Di cosa si stratta? In particolare della dismissione del patrimonio immobiliare un clamoroso flop pur essendo la principale leva individuata per mettere a posto i conti. Il Comune aveva messo a bilancio incassi per circa 80 milioni ma ne sono arrivati nelle casse appena 7, stiamo parlando del bilancio 2019. «Il processo di dismissione - scrissero i Revisori dei conti all’epoca - costituisce una leva fondamentale del piano di riequilibrio; i notevoli ritardi accumulati nel conseguimento degli obiettivi contenuti nel piano hanno avuto ripercussioni evidenti e diretti sull’assorbimento della quota annuale del disavanzo complessivo». 

La riscossione dei tributi è ferma a una media del 45%. Fa come sempre sensazione la riscossione delle multe per violazione al Codice della strada. Ogni anno vengono appostati incassi per 126 milioni, ma nei forzieri di Palazzo San Giacomo entrano in media 19,5 milioni, un indice di riscossione pari al 15,5 per cento. Più semplicemente per ogni 10 euro di multe il Comune di euro ne incassa 1,5. La vicenda delle multe è emblematica perché si tratta di residui che superano il mezzo miliardo, soldi che non si incasseranno mai e che dopano - sostanzialmente - i bilanci.
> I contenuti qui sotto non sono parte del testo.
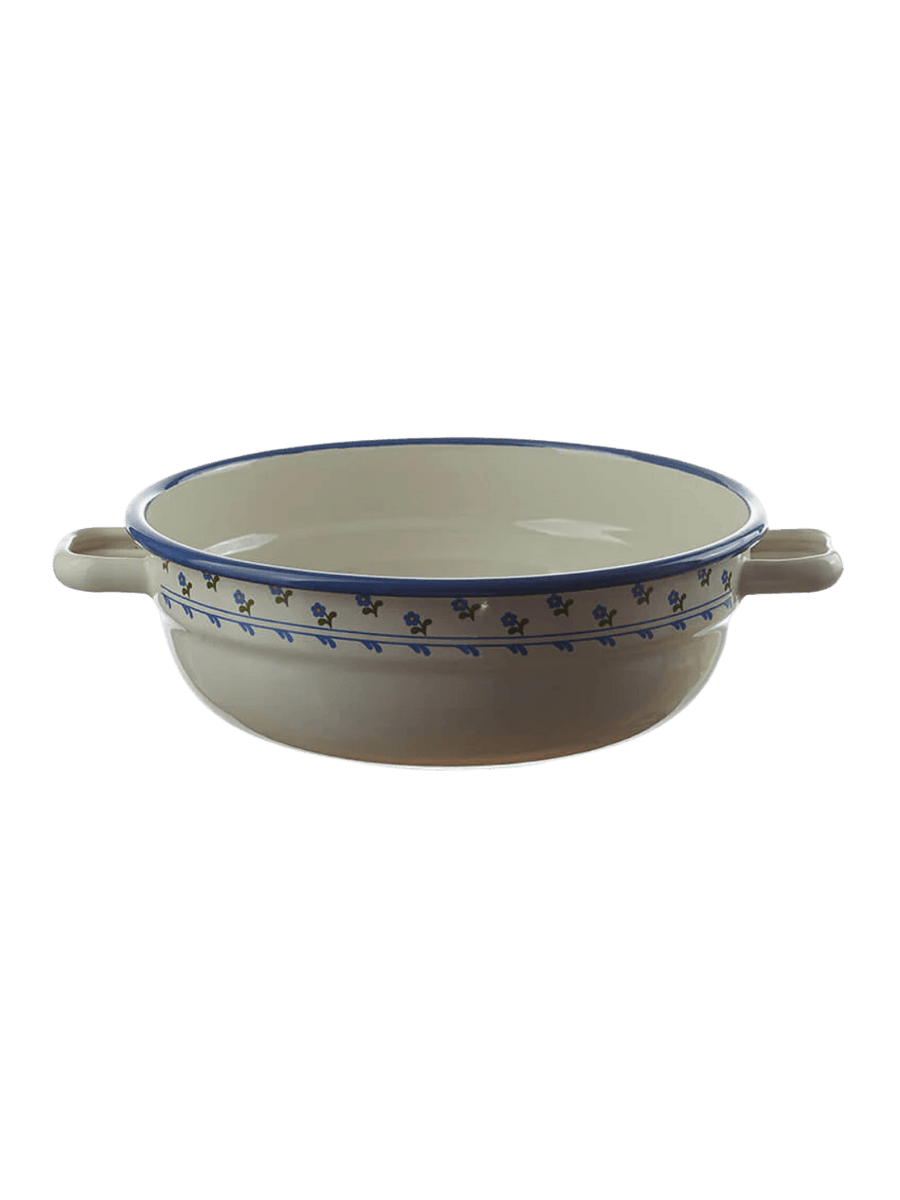 A cream-colored enamel serving bowl with side handles, a blue rim, and a delicate blue floral pattern around the upper exterior, showcasing the Munder Email Cream/Blue Floral Farmhouse Bowl, 20cm | Twentyseven Toronto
Se andiamo sui macronumeri e non solo sull’anno 2019 capiamo bene come si arriva ad accumulare un simile disavanzo. 

La Corte Costituzionale non è la prima volta che interviene sulla contabilità del Comune, un’altra bocciatura c’è stata appunto nel 2019 quando intervenne perché il Comune utilizzò 1,4 miliardi di anticipazione di liquidità dello Stato non per pagare le fatture ai creditori ma per abbattere il debito. Cosa significa? Che la metà del disavanzo è strutturale. A questa cifra si aggiungano altri 700 milioni di anticipazione arrivati da Cassa Depositi e Prestiti. Quindi il bubbone della mancata riscossione delle multe che vale tra i 400 e i 500 milioni.

Mette toppe il sindaco ma non risolve. E nodi sono venuti al pettine. Tutte le misure non strutturali per abbattere il debito si rivelano un boomerang come il taglio dei 75 milioni del 2020. Quando con quei soldi si dovevano assumere 1082 nuovi comunali. Fu l’effetto della prima sentenza della Suprema corte. Allora saltarono le assunzioni del personale, oggi in caso di fallimento salterebbe lui.